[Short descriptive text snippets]

*** Begin section ***

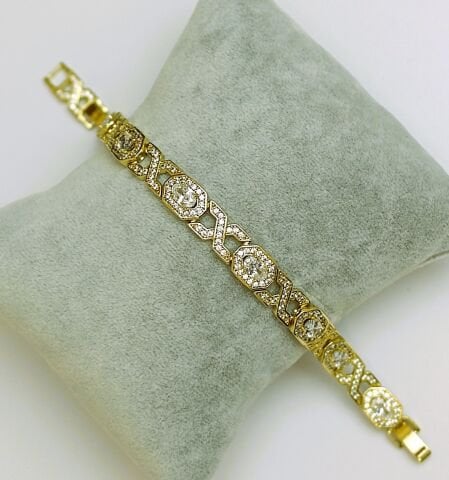 14 Ayar Altın Rengi Bileklik TBL387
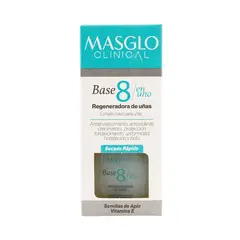 MASGLO - Base 8 en 1 Regeneradora de uñas x13.5ml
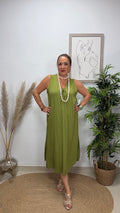 Vestido Luisa Verde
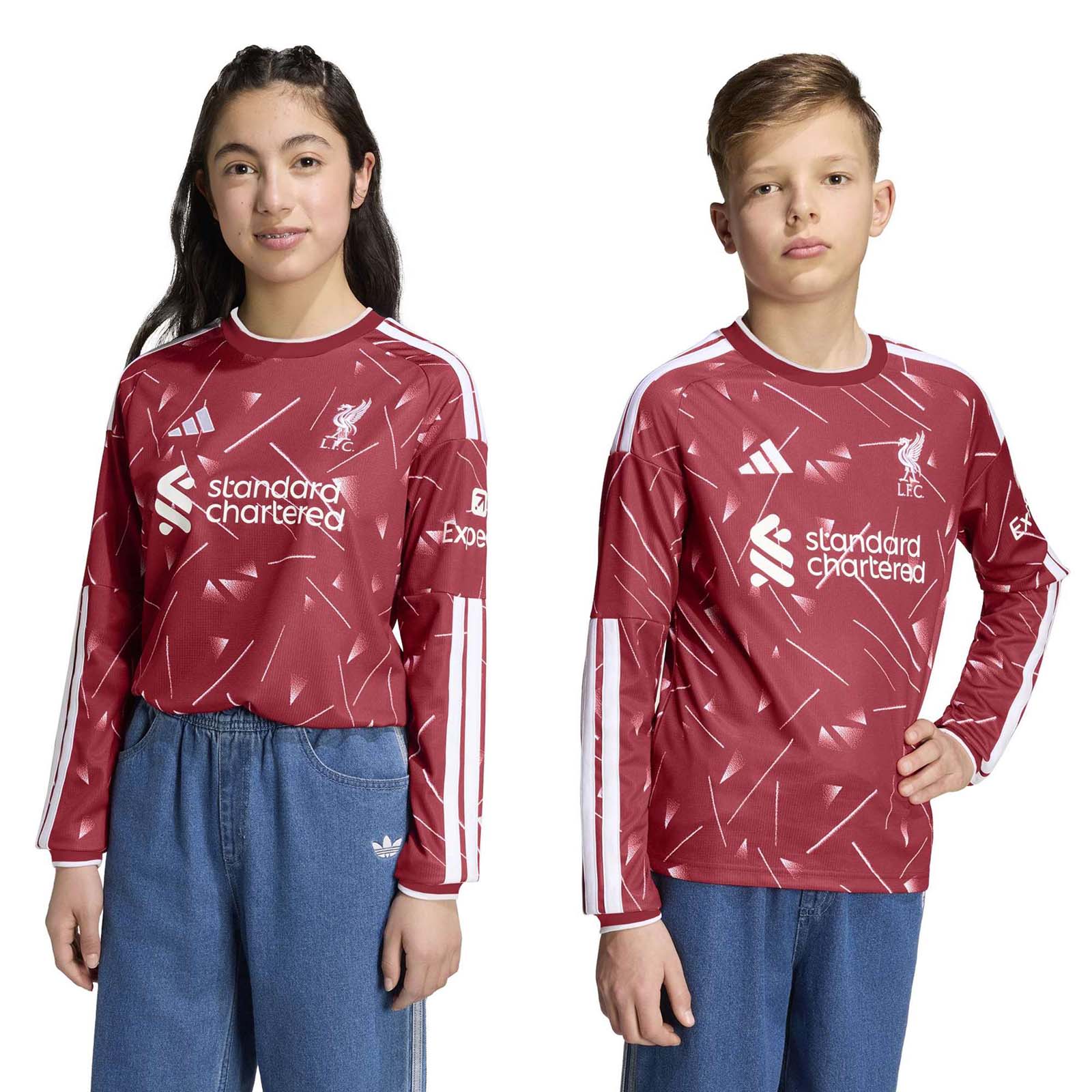 adidas Liverpool Football 2026/27 Kids Long Slve Home Jersey - Image 7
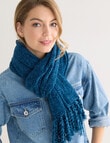 Boston + Bailey Chenille Blanket Scarf, Teal product photo View 04 S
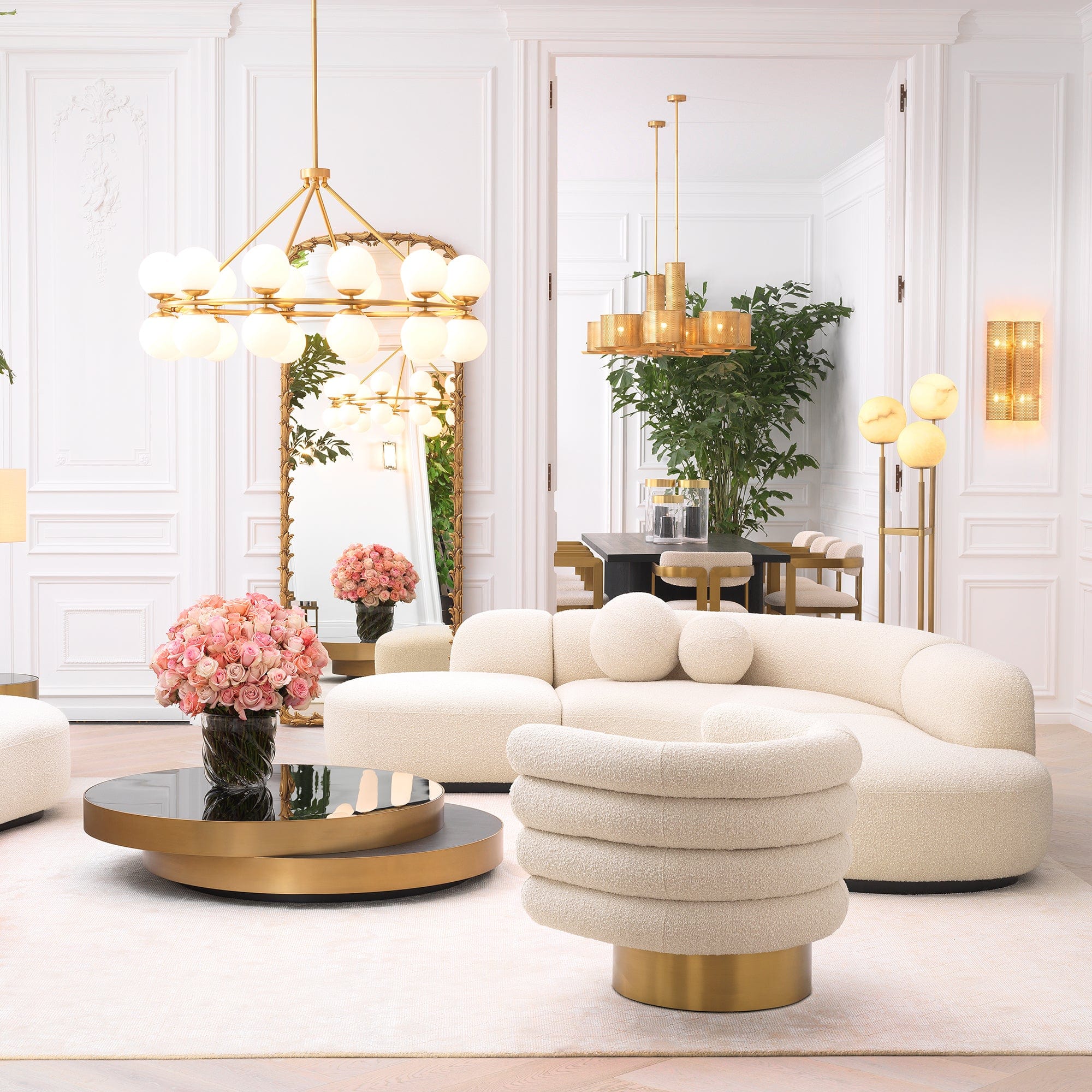 Eichholtz Bjorn - Large Sofa In Boucle Cream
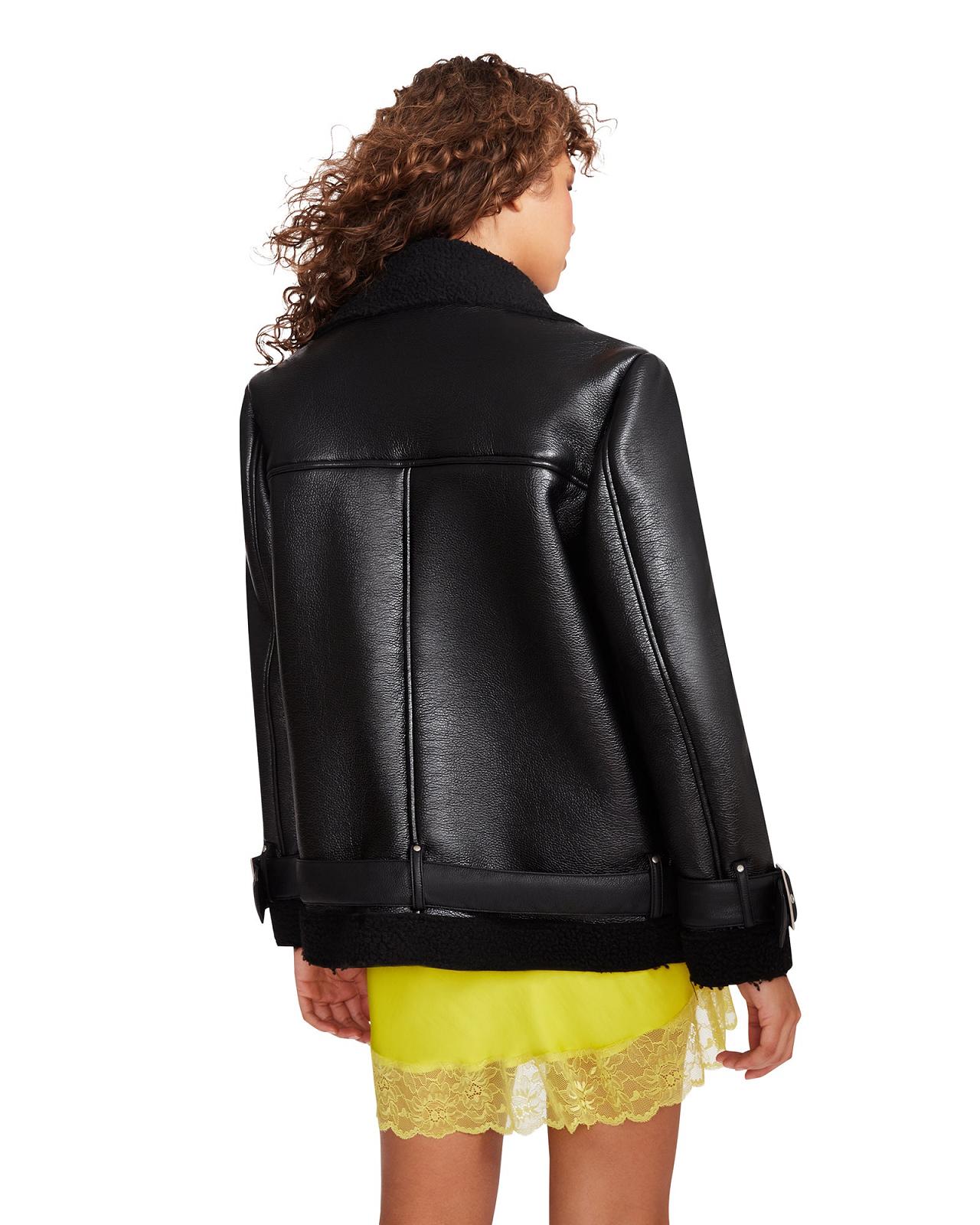 Steve Madden QUINN JACKET Női Kabát Fekete | 786KFCMXI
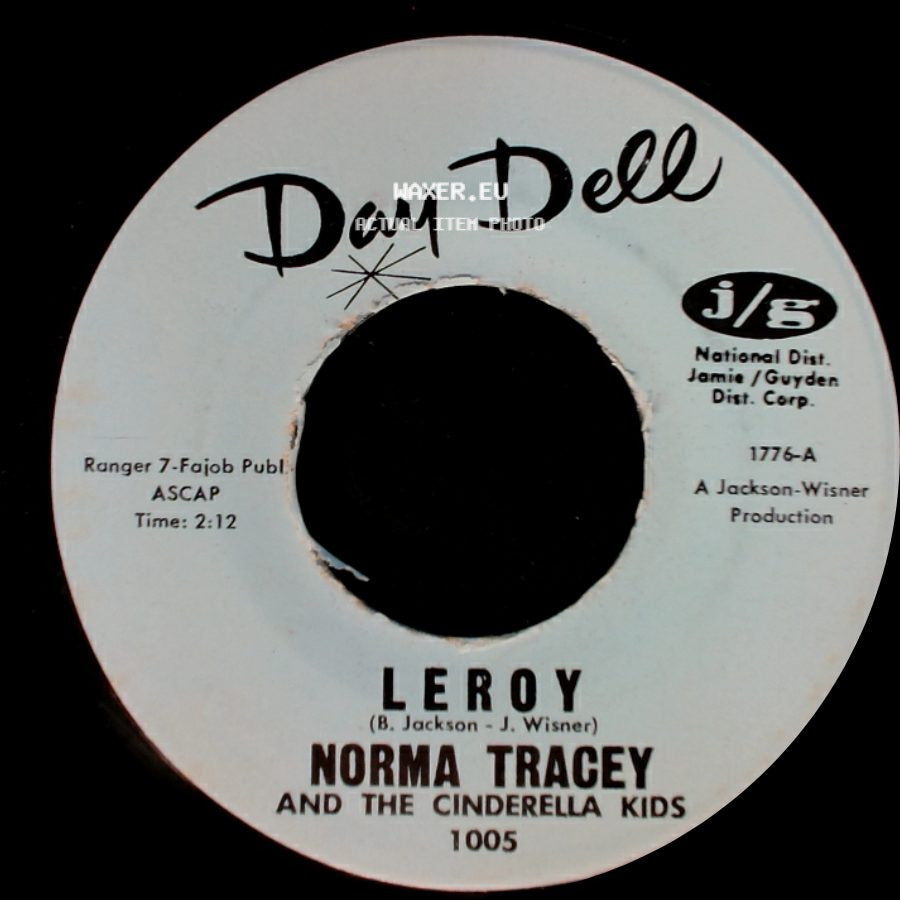 Norma Tracey And The Cinderella Kids / Big J.J. - Leroy / Harpsichord Blues side A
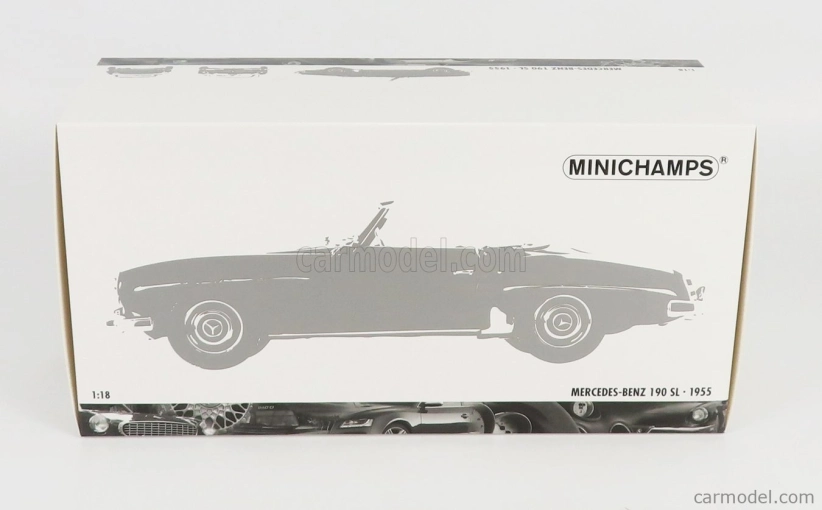 Minichamps Mercedes benz Sl-class 190sl (w121) Spider 1955 1:18 Red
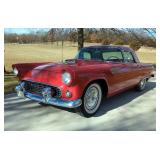 1955 Ford Thunderbird 2 Door Hard Top Convertible, 292 Cubic Inch 196 HP Wide Block V-8 Engine, Auto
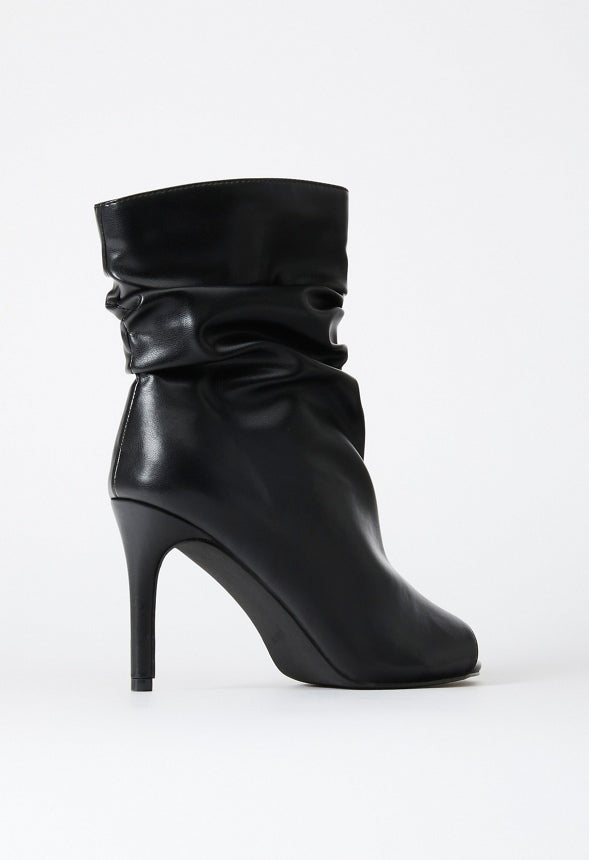 Kirsi Stiletto Bootie Black Caviar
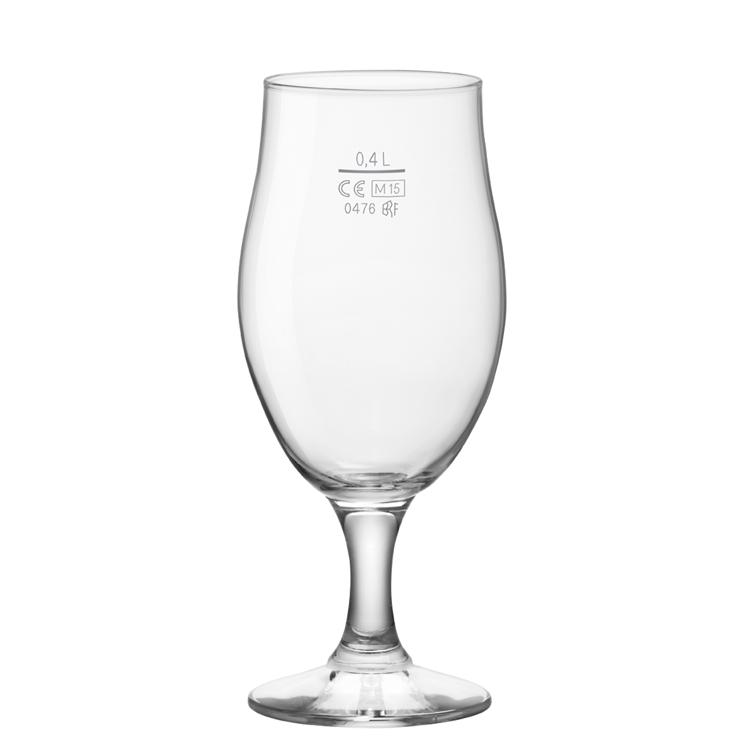 Bormioli Beer tulip Executive 52.9 cl with filling line 0.4 ltr. |-|, contents: 529 ml, height: 205 mm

*** End section ***

→ What you are asked to do
Give back all of the data exactly, but not the pictures.

→ Solved problem
 14 Ayar Altın Rengi Bileklik TBL387
 MASGLO - Base 8 en 1 Regeneradora de uñas x13.5ml
 Vestido Luisa Verde
 adidas Liverpool Football 2026/27 Kids Long Slve Home Jersey - Image 7
 Boston + Bailey Chenille Blanket Scarf, Teal product photo View 04 S
 Eichholtz Bjorn - Large Sofa In Boucle Cream
 Steve Madden QUINN JACKET Női Kabát Fekete | 786KFCMXI
 Norma Tracey And The Cinderella Kids / Big J.J. - Leroy / Harpsichord Blues side A
 Minichamps Mercedes benz Sl-class 190sl (w121) Spider 1955 1:18 Red
 1955 Ford Thunderbird 2 Door Hard Top Convertible, 292 Cubic Inch 196 HP Wide Block V-8 Engine, Auto
 Kirsi Stiletto Bootie Black Caviar
 Bormioli Beer tulip Executive 52.9 cl with filling line 0.4 ltr. |-|, contents: 529 ml, height: 205 mm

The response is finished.